Miriam Kuppermann, Ph.D., M.P.H., from the University of California, San Francisco and colleagues from the Ms Research Group, studied 63 premenopausal women, aged 30 to 50 years, who had abnormal uterine bleeding for a median (mid-point) of four years despite a variety of medical treatments, including hormone therapy (such as medroxyprogesterone acetate). The women were randomly assigned to undergo hysterectomy (n=31) or expanded medical treatment (n=32). The authors assessed overall mental health as the primary outcome, using the Mental Component Summary (MCS) of the 36-Item Short-Form Health Survey (SF-36). Secondary outcomes included physical health, symptom resolution and satisfaction, body image and sexual functioning. The participants were followed-up for two years.

"At 6 months, women in the hysterectomy group had greater improvement in MCS scores than women in the medicine group (8 vs. 2)," the authors report. "They also had greater improvement in symptom resolution (72 vs. 29), symptom satisfaction (44 vs. 7), interference with sex (41 vs. 22), sexual desire (21 vs. 3), health distress (33 vs. 13), sleep problems (13. vs. 1), overall health (12 vs. 2), and satisfaction with health (31 vs. 14). By the end of the two-year follow-up, 17 (53 percent) of the women in the medicine group had requested and received hysterectomy, and these women reported improvements in quality-of-life outcomes during the two years that were similar to those reported by women randomized to the hysterectomy group. Women who continued in the medical treatment also reported some improvements, with the result that most differences between randomized groups at the end of the study were no longer statistically significant in the intention-to-treat analysis."

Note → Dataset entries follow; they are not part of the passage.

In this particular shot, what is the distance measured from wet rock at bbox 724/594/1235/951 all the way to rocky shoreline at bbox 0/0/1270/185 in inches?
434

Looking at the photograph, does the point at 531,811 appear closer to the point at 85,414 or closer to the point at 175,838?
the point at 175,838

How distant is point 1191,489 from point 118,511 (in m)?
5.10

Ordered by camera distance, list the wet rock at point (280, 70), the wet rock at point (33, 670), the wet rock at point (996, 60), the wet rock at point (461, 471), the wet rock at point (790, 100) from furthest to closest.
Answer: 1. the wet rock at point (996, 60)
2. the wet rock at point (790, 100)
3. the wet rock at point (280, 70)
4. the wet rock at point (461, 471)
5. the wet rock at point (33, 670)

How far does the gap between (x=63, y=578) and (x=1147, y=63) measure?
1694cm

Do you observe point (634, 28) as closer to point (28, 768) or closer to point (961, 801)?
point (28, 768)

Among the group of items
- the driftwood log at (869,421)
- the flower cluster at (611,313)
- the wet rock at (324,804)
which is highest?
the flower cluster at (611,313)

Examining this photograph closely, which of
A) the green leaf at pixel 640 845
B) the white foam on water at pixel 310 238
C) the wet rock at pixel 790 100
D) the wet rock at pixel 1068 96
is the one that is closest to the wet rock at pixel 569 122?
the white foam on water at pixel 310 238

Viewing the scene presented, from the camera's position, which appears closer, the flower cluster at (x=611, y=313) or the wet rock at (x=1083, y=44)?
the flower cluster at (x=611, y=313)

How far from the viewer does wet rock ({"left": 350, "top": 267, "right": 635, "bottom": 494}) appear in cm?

"We have shown that hysterectomy results in substantial improvement in health-related quality of life within six months for women who have not responded to medroxyprogesterone. Persisting efforts at medical treatment can also produce benefits for many of these women throughout the ensuing two years although others who prolong medical treatment at this stage will decide within a year to have a hysterectomy," the authors conclude.

(JAMA 2004; 291:1447-1455. Available post-embargo at JAMA.com)

Editor's Note: This research was funded by a grant from the Agency for Healthcare Research and Quality.

FINNISH STUDY COMPARES INTRAUTERINE HORMONE-DELIVERY SYSTEM VS. HYSTERECTOMY

In a second study in the March 24/31 issue of JAMA, researchers from Finland compare outcomes, quality-of-life issues, and costs of the levonorgestrel-releasing intrauterine system (LNG-IUS) versus hysterectomy in the treatment of menorrhagia (abnormally heavy menstrual bleeding).

"The LNG-IUS is an intrauterine system that releases 20 [micrograms] of levonorgesterel every 24 hours over 5 years. The LNG-IUS was developed during the 1980s and licensed first for contraception in Finland in 1990," the authors provide as background information. They add that in many countries, the LNG-IUS is licensed both for contraception and treatment of menorrhagia. In the U.S., the system is only approved for contraception.

Ritva Hurskainen, M.D., Ph.D., from the Helsinki University Hospital, Finland, and colleagues evaluated the outcomes of 236 women, average age of 43 years, who were referred to 5 university hospitals in Finland for complaints of menorrhagia between October 1, 1994 and October 6, 2002. The participants were randomized to treatment with the LNG-IUS (n=119) or hysterectomy (n=117) and were monitored for five years. The researchers used the 5-Dimensional EuroQol and the RAND 36-Item Short-Form Health Survey to measure health-related quality of life (HRQL), as well as psychosocial well-being (anxiety, depression, and sexual function).

"After 5 years of follow-up, 232 women (99 percent) were analyzed for the primary outcomes," the authors report. "The two groups did not differ substantially in terms of HRQL or psychosocial well-being. Although 50 (42 percent) of the women assigned to the LNG-IUS group eventually underwent hysterectomy, the discounted direct and indirect costs in the LNG-IUS group ($2,817 per participant) remained substantially lower than in the hysterectomy group ($4,660). Satisfaction with treatment was similar in both groups."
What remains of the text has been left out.